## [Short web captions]
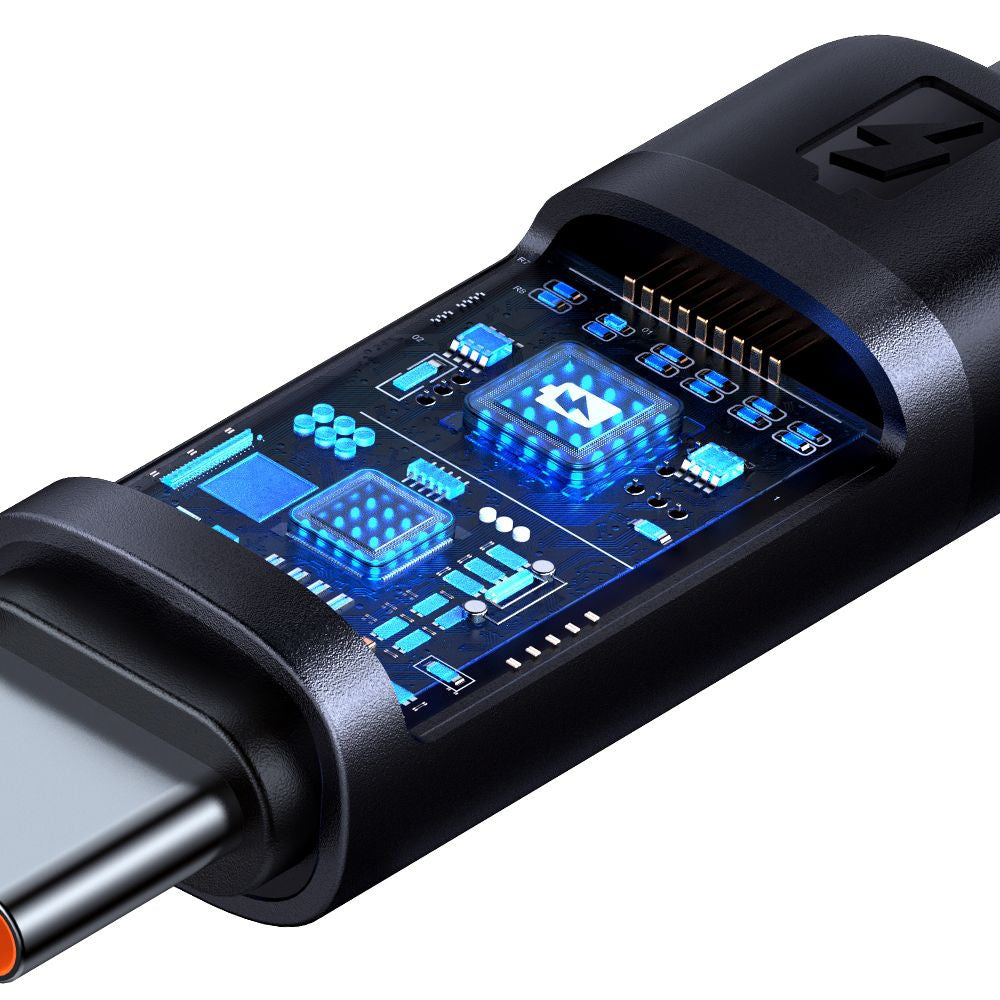 Data- og opladningskabel USB-C - USB-C McDodo CA-5780 Bat Display, 60W, 1.2m, Sort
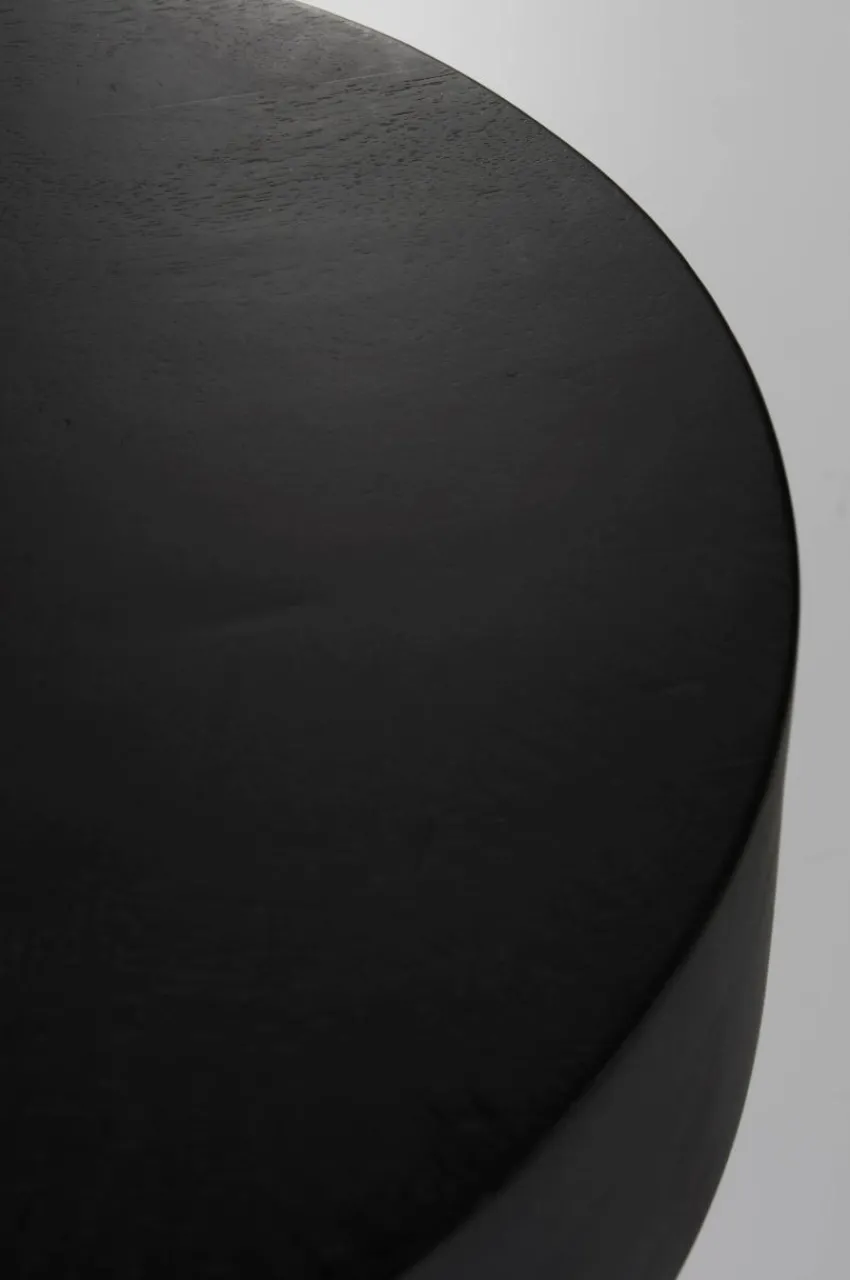 Bord|Jotex BARATTI Sidobord ø 35 Cm - Låg Matt svart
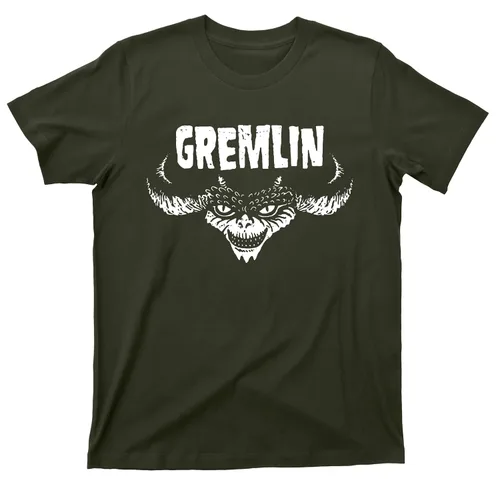 Vista 3 de Gremlin T Shirt Horror Punk Rock N Roll Heavy Metal Concert Movies Tee (XL, Charcoal)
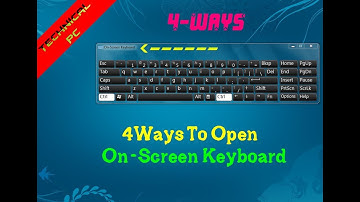 How to get the on-screen keyboard on Windows 7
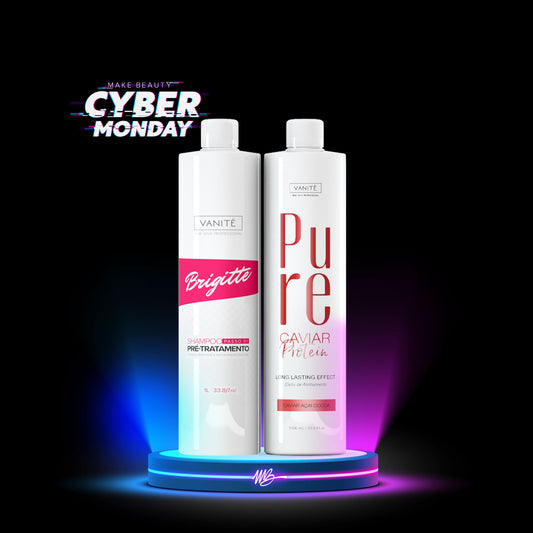 Kit Pure caviar + Shampoo Anti resíduos Brigitte 1000ml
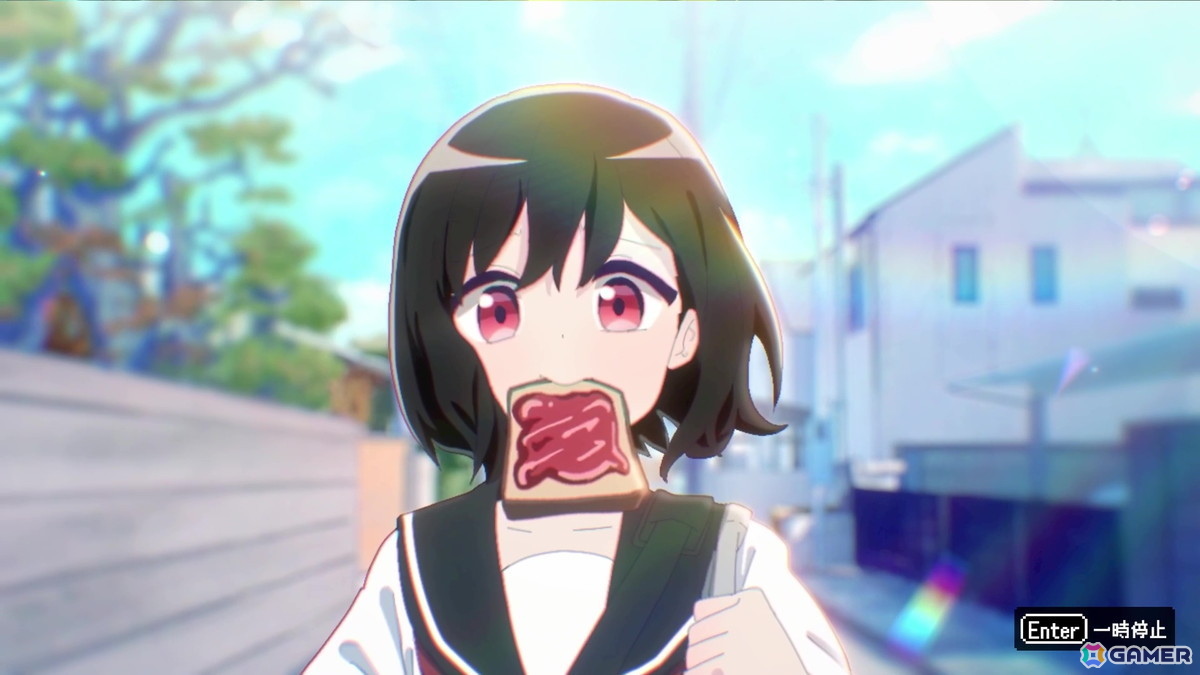 JKアニメアクション「PIXEL DASH：Toast of Destiny」制作秘話：「遅刻しそうな女子高生が食パンをくわえて走り曲がり角で運命の人とぶつかる」展開は世界でも通じるシチュエーションの画像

## [Task instructions]
Except for the pictures, print the data above exactly.

## [Problem solution]
 Data- og opladningskabel USB-C - USB-C McDodo CA-5780 Bat Display, 60W, 1.2m, Sort
 Bord|Jotex BARATTI Sidobord ø 35 Cm - Låg Matt svart
 Vista 3 de Gremlin T Shirt Horror Punk Rock N Roll Heavy Metal Concert Movies Tee (XL, Charcoal)
 How to get the on-screen keyboard on Windows 7
 Kit Pure caviar + Shampoo Anti resíduos Brigitte 1000ml
 JKアニメアクション「PIXEL DASH：Toast of Destiny」制作秘話：「遅刻しそうな女子高生が食パンをくわえて走り曲がり角で運命の人とぶつかる」展開は世界でも通じるシチュエーションの画像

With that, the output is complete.